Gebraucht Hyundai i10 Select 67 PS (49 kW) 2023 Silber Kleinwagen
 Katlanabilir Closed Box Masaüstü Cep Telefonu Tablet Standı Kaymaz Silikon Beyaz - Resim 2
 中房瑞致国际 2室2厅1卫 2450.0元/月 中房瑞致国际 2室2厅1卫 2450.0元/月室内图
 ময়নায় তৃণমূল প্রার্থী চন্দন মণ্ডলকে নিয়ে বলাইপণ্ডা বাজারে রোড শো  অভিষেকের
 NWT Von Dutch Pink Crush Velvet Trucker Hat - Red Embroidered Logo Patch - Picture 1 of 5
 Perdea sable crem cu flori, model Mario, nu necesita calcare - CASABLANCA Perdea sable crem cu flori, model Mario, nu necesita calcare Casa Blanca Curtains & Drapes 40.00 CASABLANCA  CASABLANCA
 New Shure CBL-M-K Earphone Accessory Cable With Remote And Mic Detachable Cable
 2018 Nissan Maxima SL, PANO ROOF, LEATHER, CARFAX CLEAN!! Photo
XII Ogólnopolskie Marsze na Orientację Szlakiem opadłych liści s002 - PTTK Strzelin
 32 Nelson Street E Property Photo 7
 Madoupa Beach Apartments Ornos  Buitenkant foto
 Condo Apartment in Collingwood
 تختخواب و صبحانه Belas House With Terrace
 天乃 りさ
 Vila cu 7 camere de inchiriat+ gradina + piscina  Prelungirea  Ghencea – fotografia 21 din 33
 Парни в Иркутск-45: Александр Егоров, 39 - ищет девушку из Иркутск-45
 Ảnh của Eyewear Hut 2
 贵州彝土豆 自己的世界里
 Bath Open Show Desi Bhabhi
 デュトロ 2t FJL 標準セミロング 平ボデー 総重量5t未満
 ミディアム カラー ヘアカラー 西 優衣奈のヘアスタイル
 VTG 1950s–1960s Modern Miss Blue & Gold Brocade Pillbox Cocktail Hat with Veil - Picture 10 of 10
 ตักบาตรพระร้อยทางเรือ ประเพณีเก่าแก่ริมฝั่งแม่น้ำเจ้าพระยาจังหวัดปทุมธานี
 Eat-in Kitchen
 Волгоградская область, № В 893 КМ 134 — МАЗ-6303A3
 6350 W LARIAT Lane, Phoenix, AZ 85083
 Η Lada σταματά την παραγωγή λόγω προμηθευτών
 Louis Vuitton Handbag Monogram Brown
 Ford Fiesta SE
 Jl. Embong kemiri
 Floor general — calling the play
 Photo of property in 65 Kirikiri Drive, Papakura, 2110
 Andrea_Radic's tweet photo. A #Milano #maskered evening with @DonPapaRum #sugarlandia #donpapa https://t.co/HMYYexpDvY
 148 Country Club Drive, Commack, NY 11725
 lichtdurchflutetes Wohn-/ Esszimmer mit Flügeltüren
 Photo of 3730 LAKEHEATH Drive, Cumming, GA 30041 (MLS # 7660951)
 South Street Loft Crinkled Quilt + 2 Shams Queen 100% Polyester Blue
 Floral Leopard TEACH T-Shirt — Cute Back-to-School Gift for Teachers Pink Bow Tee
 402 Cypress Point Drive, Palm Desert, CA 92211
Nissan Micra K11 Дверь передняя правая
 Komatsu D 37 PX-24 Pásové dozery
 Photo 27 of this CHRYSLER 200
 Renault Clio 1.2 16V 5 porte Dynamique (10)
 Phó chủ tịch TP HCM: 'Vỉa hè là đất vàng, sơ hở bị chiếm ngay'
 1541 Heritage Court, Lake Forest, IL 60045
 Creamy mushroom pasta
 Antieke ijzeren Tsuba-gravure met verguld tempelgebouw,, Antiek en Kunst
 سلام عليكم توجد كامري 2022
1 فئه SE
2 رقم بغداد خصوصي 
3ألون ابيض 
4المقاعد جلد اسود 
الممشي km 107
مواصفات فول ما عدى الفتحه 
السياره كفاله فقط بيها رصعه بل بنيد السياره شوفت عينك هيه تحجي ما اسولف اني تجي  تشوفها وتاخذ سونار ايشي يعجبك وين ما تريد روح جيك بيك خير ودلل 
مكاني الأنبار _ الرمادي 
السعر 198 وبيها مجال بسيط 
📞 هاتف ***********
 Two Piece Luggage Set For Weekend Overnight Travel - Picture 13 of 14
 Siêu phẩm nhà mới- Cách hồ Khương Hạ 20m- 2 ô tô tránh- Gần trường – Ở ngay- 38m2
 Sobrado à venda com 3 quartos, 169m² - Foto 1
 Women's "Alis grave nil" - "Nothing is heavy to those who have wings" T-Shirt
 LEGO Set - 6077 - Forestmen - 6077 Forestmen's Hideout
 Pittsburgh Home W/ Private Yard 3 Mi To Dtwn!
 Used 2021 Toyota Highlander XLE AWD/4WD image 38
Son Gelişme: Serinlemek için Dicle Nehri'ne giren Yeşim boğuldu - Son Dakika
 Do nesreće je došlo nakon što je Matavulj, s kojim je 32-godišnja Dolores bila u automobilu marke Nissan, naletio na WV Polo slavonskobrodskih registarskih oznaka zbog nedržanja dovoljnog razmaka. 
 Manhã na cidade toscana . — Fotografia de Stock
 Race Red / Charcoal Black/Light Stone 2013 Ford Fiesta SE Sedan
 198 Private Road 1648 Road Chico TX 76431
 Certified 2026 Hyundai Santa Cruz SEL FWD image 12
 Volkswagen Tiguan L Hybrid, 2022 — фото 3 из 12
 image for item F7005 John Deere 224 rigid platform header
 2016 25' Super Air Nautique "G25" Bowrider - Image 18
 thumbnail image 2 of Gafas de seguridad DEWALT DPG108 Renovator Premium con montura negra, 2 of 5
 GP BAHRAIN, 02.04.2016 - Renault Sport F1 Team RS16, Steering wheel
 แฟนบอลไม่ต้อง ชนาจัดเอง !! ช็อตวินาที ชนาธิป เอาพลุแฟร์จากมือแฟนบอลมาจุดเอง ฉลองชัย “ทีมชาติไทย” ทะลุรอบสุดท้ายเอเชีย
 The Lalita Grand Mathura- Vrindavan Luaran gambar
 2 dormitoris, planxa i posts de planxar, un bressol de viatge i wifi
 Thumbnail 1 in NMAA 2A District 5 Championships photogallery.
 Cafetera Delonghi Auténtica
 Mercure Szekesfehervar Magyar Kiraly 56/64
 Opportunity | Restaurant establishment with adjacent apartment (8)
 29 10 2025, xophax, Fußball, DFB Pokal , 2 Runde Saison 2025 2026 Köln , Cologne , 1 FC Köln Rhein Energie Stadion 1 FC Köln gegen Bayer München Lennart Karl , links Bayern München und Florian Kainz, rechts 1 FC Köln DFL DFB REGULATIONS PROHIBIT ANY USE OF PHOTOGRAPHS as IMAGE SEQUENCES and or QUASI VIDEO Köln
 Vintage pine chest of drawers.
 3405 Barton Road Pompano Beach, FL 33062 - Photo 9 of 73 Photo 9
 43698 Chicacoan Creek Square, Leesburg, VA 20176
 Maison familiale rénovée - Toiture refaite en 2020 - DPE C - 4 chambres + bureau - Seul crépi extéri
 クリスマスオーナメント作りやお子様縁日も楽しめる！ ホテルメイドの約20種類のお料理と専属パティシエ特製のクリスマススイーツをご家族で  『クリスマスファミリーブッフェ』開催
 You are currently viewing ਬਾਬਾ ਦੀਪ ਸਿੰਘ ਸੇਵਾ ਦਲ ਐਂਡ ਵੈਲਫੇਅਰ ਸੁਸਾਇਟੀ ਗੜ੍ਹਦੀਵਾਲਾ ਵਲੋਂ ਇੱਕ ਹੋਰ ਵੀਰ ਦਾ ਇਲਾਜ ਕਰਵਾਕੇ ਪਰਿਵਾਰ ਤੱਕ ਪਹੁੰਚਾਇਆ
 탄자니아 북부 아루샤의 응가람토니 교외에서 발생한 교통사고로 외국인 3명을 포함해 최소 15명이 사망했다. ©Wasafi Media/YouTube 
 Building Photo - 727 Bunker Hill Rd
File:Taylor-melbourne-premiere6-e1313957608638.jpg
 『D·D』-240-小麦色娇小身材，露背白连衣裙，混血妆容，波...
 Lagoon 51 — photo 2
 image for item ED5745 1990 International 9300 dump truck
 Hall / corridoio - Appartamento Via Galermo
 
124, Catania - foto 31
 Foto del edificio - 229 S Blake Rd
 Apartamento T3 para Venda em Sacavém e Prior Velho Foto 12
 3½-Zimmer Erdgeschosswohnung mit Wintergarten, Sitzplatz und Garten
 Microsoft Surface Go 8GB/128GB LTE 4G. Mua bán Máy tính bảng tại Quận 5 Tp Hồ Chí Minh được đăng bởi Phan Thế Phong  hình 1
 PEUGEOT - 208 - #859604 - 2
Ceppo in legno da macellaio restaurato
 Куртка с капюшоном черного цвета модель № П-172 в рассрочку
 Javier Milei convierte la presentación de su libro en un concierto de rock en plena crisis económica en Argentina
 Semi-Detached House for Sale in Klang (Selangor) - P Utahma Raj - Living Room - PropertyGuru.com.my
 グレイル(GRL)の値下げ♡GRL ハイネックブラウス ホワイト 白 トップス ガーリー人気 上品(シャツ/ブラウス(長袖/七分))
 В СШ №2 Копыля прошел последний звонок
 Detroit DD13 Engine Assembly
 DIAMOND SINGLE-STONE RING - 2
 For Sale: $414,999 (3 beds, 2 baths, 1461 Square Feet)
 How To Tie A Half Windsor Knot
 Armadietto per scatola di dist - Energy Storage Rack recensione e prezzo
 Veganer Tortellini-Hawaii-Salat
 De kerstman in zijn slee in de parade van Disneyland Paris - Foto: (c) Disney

★ ★ ★ ★ ★

● THE TASK
Look for the word "item". Copy out every line of the data that has it.

● RESULT BELOW
 image for item F7005 John Deere 224 rigid platform header
 image for item ED5745 1990 International 9300 dump truck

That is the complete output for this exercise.